What I’m getting at it is there’s a trap with reading. Sometimes a writer will read a couple of hours and manage to convince himself that he’s done his writing work for that day by reading. He counts the reading as writing since he knows it makes him a better writer. But reading won’t fill pages. It will raise the quality of your work, but only writing fills pages. It’s great if you read a hundred books in a year, but if you want to be a writer the real goal is that you write one .

My other point about writing is that getting to the “writing place” where you can pour out words is easier if you open that door every day. The door begins to stick for me after only one or two days of not opening it. After a week, it can be a real struggle. Two weeks and I might need a chainsaw to get through it. Write and read fiction. It's simple in a way. Nothing will make you a better writer than to write and read fiction. Ultimately, though a writer is a writer because he or she writes. In my humble opinion, writing nearly every day not only leads to a finished manuscript it makes writing itself, getting to that place where writing comes from, easier.

Saturday, May 8, 2010

Sooner is Better

One thing that my last manuscript taught me is something I had heard Kurt Vonnegut say and something I’m trying to do in my new WIP.

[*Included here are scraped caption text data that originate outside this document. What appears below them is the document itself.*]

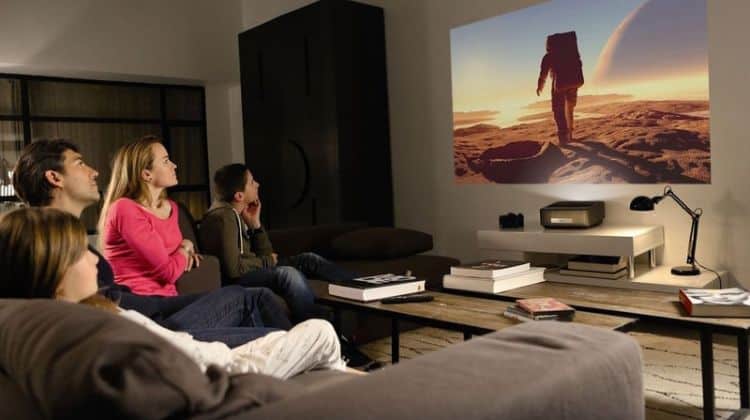 How to Watch TV on a Projector Without A Cable Box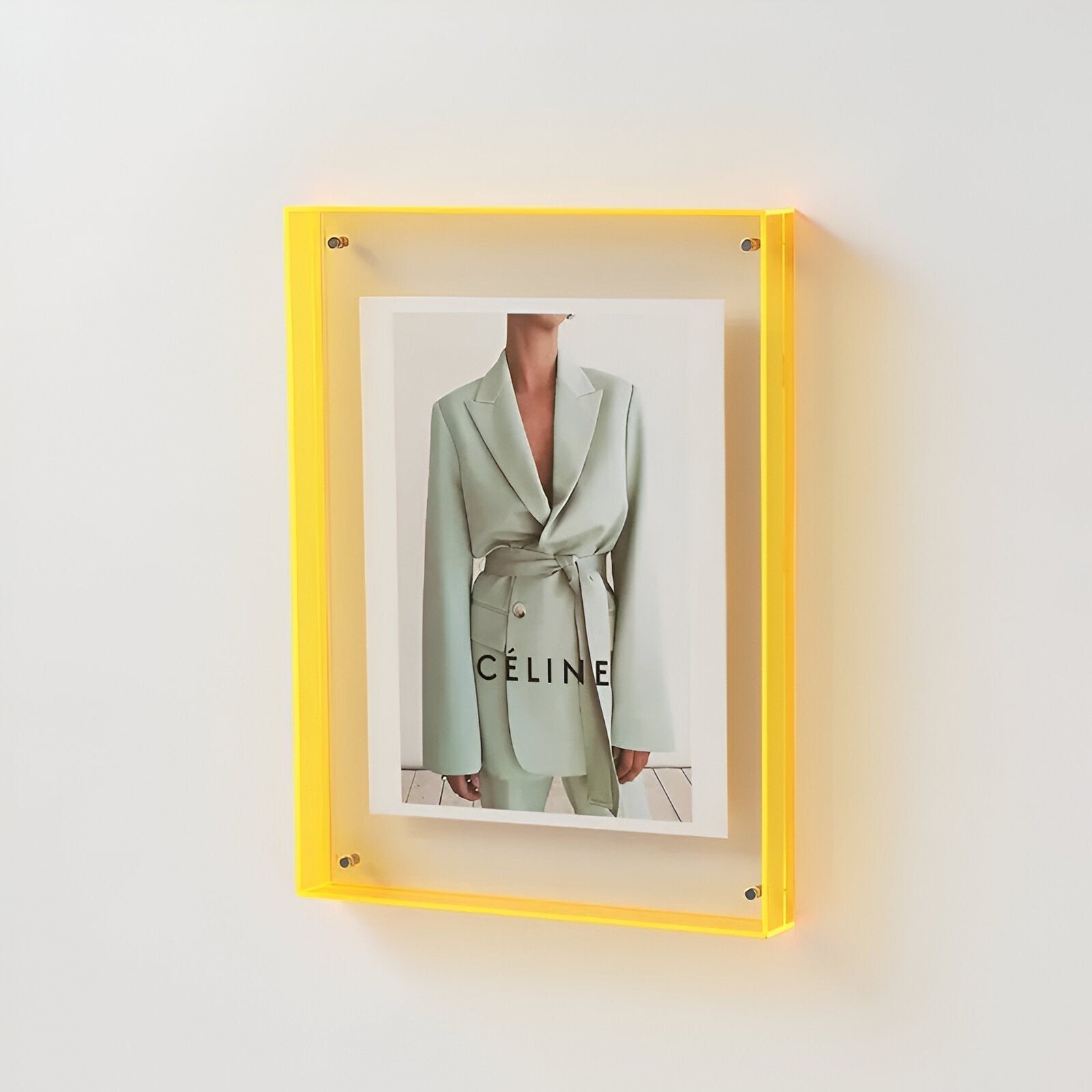 ClearFrame Acryl Bilderrahmen mit Transparentem Modernem Design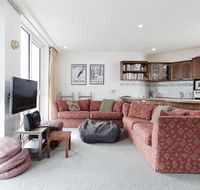 Beehive 14 - Hotel Accommodation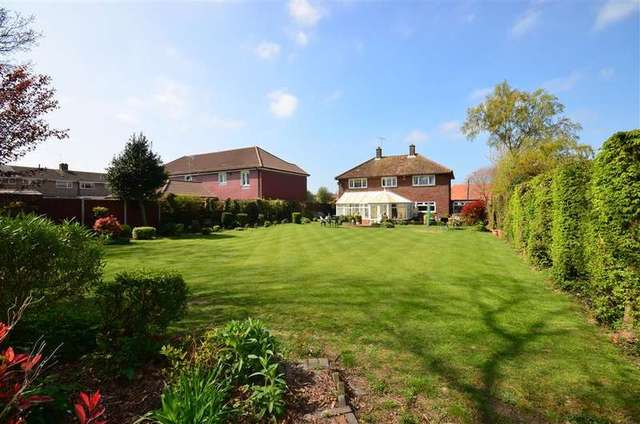  Image of 4 bedroom Detached house for sale in Boulevard Courrieres Aylesham Canterbury CT3 at Aylesham Canterbury Canterbury, CT3 3DT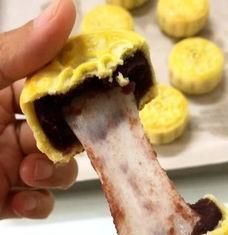 亲戚朋友|中秋过节送月饼,这样做的月饼可以拉丝哦,亲戚朋友都喜欢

Tell everything you can as soon as you can. Don’t hold back. Don’t try to keep things hidden in the hopes of adding suspense. Okay, there are plot points you may eventually realize can be hidden and their press against the story will help in terms of tension BUT too often we withhold because we think something is cool and needs to be set up with a lot of events that will lead to it. Often though, putting it earlier will force the story to push deeper earlier. You’re building a story. You need to throw everything in as early as possible and then, in revision, make decisions about pacing.

In my new manuscript I was going to withhold an important piece of information one character knew about another. I thought this would add tension. BUT my choice to put it in now, get it out there, makes me see where the story should go. This point is going to allow me to get on to more important things (I hope). If I’d withheld it, I’d still be focusing on building toward it and that would put a drag on my story. I’m sure there are exceptions to this idea of not saving information for later in the story, but it’s at least something to consider as you build story. In a first draft, sooner is better unless you have a very good reason for saving it.

Monday, May 3, 2010

delusion

Delusion can be a good thing for a writer.

You have to fool yourself into writing. If we didn’t fool ourselves, we would never start in the first place. You have to fool yourself when you’re a novice that you’re writing good fiction when, most likely, you’re struggling to find your way, learn technique, learn what works for you and what doesn’t. And every first draft, whether it’s the writer's first novel or fifth or beyond, requires that the writer fool himself into pushing on. In a first draft you have to feel your sentences are doing the job, you have to imagine that the (if you’re like me) fuzzy mess is actually insightful and has enough right words that it can be made, through revision, into something worth your time.

When you’re working on a new novel, you have to believe it’s the best thing you’ve ever written. Though you know deep down writers don’t usually write from worst to best over a life; some books are just better and sometimes they’re book number three or five or eight. But you can’t think of that. You have to believe what you’re working on is the best, the very best, work you’ve ever done.

So celebrate your delusion. Probably best if you don’t celebrate it too loudly or allow it to press its way into other aspects of your life, but in writing it can allow you to move forward. Let it. We need all the help we can get.